If you want to statically load arbitrary modules, simply place them in /etc/modules-load.d/foobar.conf (replace foobar by whatever you like), and they will be loaded at the same time as udev loads all other modules. However, usually it's a better approach to fix the kernel module to be loaded implicitly on request. In fact most kernel modules already work like that and statically loading modules is only needed in exceptional cases.

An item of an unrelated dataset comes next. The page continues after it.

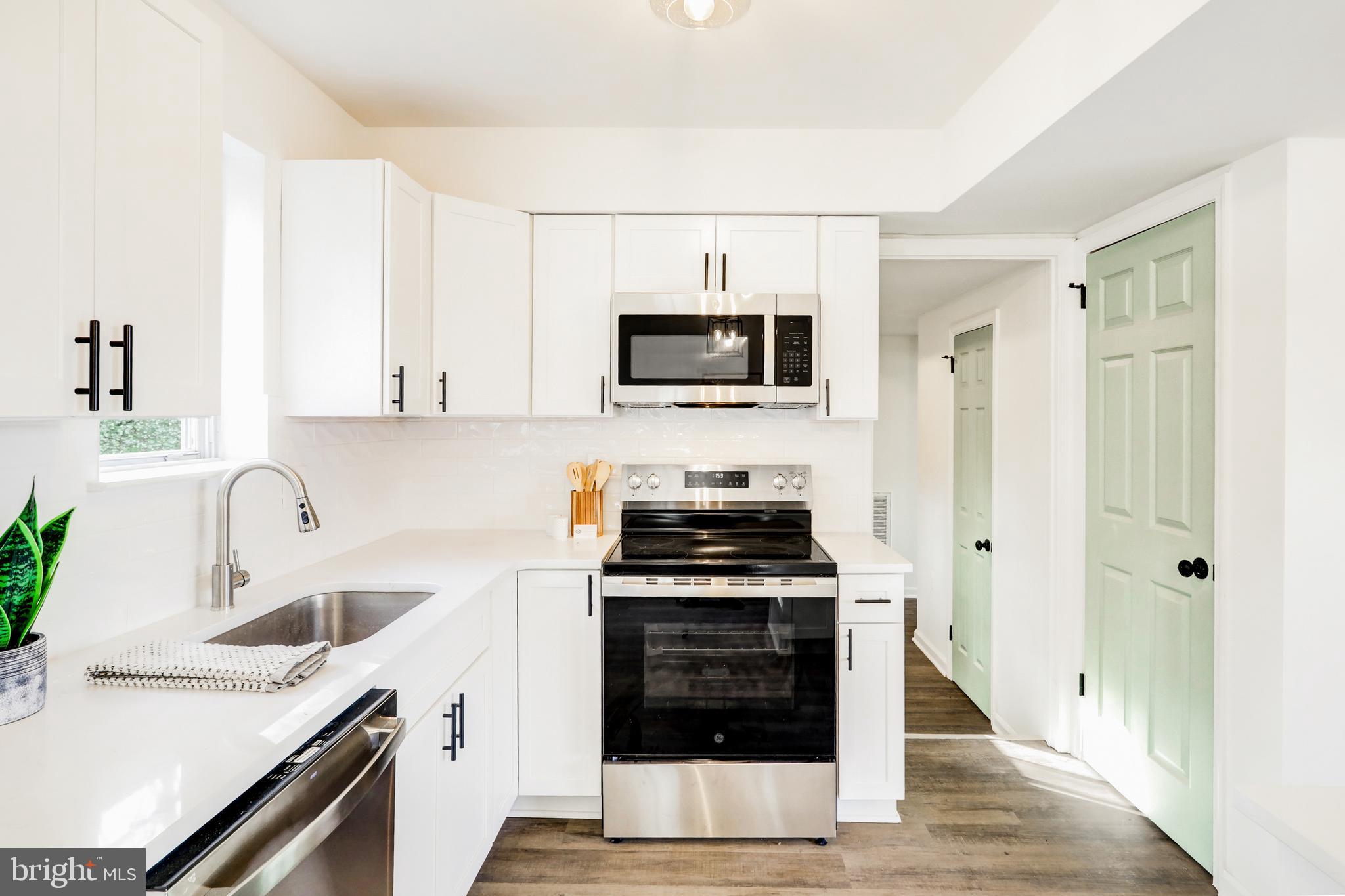 737 Ferndale Road Mount Joy, PA 17552 - Photo 10 of 37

Note that at this time we still rely on the old scripted raid setup code anyway. You can continue to edit that as necessary. In the future stc will hopefully support this more correctly and dynamically and set things up as needed without resorting to manual intervention.

Debugging?

Posted Nov 20, 2010 9:39 UTC (Sat) by quotemstr (subscriber, #45331) [Link] (3 responses)

Of course you can do things the "right way" by hooking into configuration infrastructure. But the OP's point was that conventional scripts make ad hoc modifications easy. It's perfectly reasonable to create an interim local solution without needing to dive into the details of arcane subsystmes. In theory, you shouldn't need band-aids like sleep(1) invocations, but in practice, the need comes up once in a while. It's better to accommodate that need instead of denying it.

Debugging?

Posted Nov 20, 2010 17:02 UTC (Sat) by foom (subscriber, #14868) [Link] (2 responses)

Most of the reasons I've ever needed to edit a init.d script is because the init.d script sucked, not the thing it was starting. IMO systemd has the potential to eliminate that problem entirely...

Debugging?

Posted Nov 20, 2010 19:51 UTC (Sat) by quotemstr (subscriber, #45331) [Link] (1 responses)

Erm, so your assertion is that systemd will magically lead to bug-free initialization that doesn't need workarounds? "systemd works fine as long as the initialization configuration is perfect" is a rather weak argument.

Debugging?

Posted Nov 21, 2010 4:12 UTC (Sun) by foom (subscriber, #14868) [Link]

No, my point was that most of the problems I've had have been because of all the duplicate crud in init.d shell scripts which have been copied incorrectly while being cargo-culted from program to program. So, my problems won't have a chance to happen, because the description of how to manage a daemon in systemd is so much shorter and harder to screw up.

Obviously it's possible to have other kinds of problems too...If you want to call sleep 1 before starting a daemon there's nothing stopping you from replacing the start command-line with a shell script that calls sleep 1 before starting the daemon. Even in systemd that should work...

Debugging?

Posted Nov 19, 2010 18:09 UTC (Fri) by mezcalero (subscriber, #45103) [Link]

Let's not forget that with systemd.confirm_spawn=1 on the kernel cmdline you can enforee an interactive boot where spawning of every process needs to be OK'eyed by the user. Also, after boot you can introspect what exactly happened to a service that failed by typing "systemctl status foobar.service". It will automatically record exit code/signal and timestamp. Also, by default all system services are redirected to syslog.